* **INPUT MATERIAL**

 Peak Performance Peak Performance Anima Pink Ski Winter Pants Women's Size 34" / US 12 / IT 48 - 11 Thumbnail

* * *

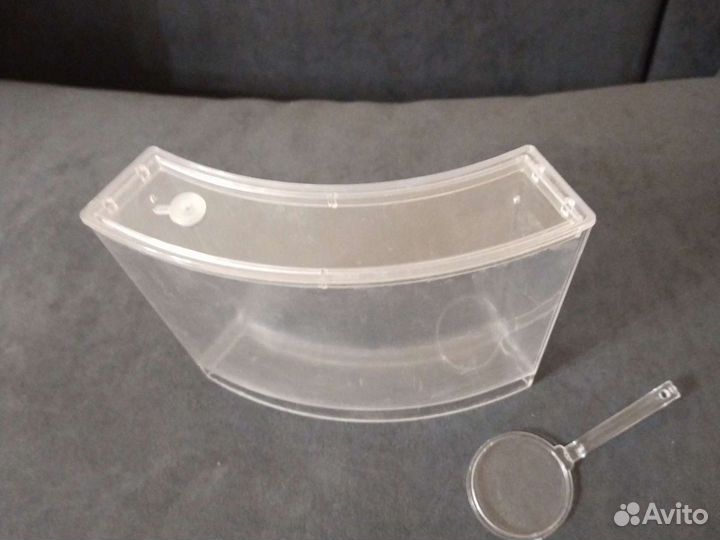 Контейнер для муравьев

* * *

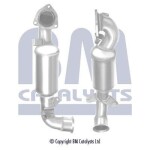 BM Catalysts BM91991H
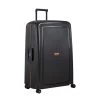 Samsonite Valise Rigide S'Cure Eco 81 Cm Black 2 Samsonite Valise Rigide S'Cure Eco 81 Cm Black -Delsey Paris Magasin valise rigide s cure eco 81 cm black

* **EXERCISE REQUIREMENTS**
Above are some entries; copy exactly the lines from the line with "BM Catalysts BM91991H" through the line with "Samsonite Valise Rigide S'Cure Eco 81 Cm Black 2", both included, but none of the pictures.

* **TASK RESULT**
 BM Catalysts BM91991H
 Samsonite Valise Rigide S'Cure Eco 81 Cm Black 2 Samsonite Valise Rigide S'Cure Eco 81 Cm Black -Delsey Paris Magasin valise rigide s cure eco 81 cm black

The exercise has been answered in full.